In Europa, però, anche i più fervidi sostenitori della moneta unica e della BCE, come l’ex Commissario europeo Pierre Moscovici, si mostrano consapevoli che tirare troppo la corda, lasciare sola l’Italia in questo frangente significa minare alle fondamenta una UE priva di un substrato politico-istituzionale, costruita soltanto sugli interessi comuni regolati dal profitto e non certo dalla condivisione mutuale del debito.
Il MES, alla fine dei conti, è proprio questo punto di non ritorno: anche se “regolato consapevolmente“, secondo una straordinaria formula sempre ipocritamente costruita per celarne la vera spietata natura antisociale, può diventare un cappio al collo per l’Italia, la Spagna, persino per la Francia che accrescendo il loro debito, puntando su un acquisto dei titoli di Stato da parte della BCE e vedendo sconfessare poi il tutto dalla Germania, non avrebbero altra scelta che rintanarsi negli interessi nazionali per salvare il salvabile, per evitare un effetto inflazionistico catastrofico e una disoccupazione di massa che genererebbe flussi interni all’Europa ingestibili, sovvertendo tutti i piani di regolamentazione della soddisfazione della domanda tanto interna quanto estera.

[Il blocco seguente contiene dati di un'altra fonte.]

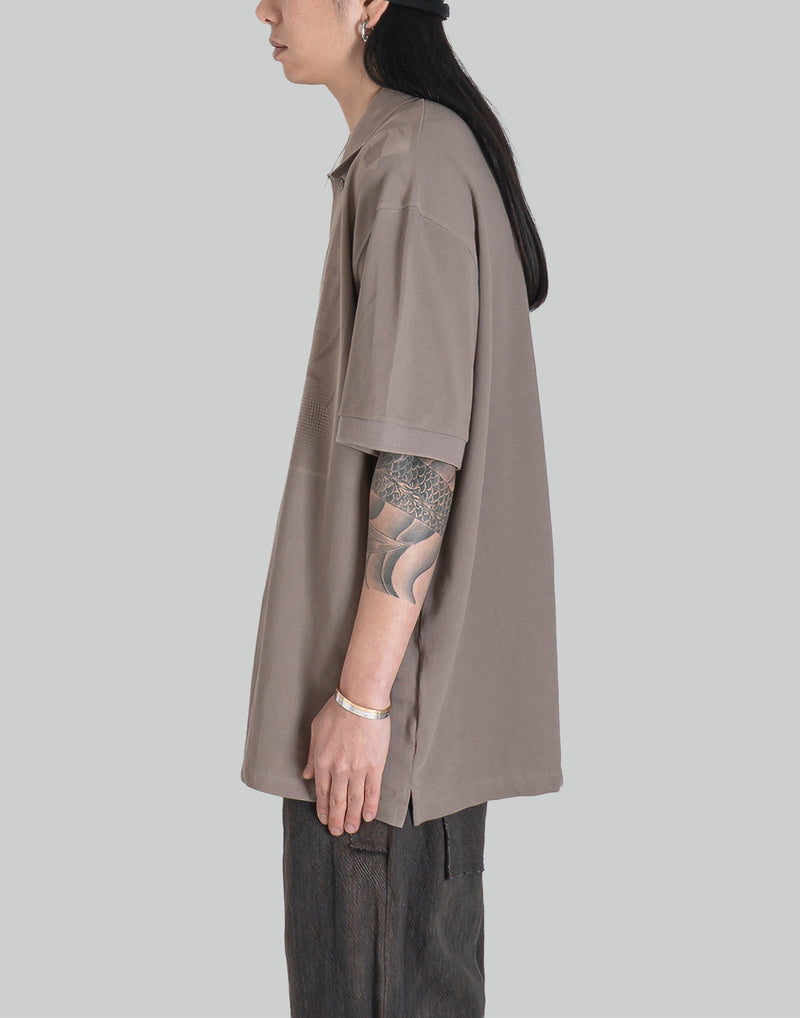 JiyongKim - SUN-BLEACHED PACK POLO T-SHIRT - 082plus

Ma tutto ciò vorrebbe dire la fine dall’Unione Europea vera, quella monetaria, quella del capitale, quella delle banche e degli scambi commerciali. Semmai vi fosse stato un briciolo di volontà di costruzione di una federazione di Stati sul piano politico, un comune intento di una vera Costituzione europea, di una unità sociale e civile, in quel modello, forse solo con la sua fine avrebbe qualche speranza di intraprendere una nuova strada, una via nuova che oggi si mostra ancora, sempre e soltanto, come scontro tra le varie economie e alte finanze nazionali.
I rapporti di forza mutano e una nuova fase di ricollocazione del potere economico capitalistico è in veloce definizione. Per questo è molto, molto pericolosa nella sua traduzione antisociale: imprescindibile ma contrastabile con la costruzione di un movimento dei lavoratori, degli sfruttati e degli anticapitalisti di tutti i paesi. A cominciare da quelli della vecchia, vecchissima eppure moderna Europa.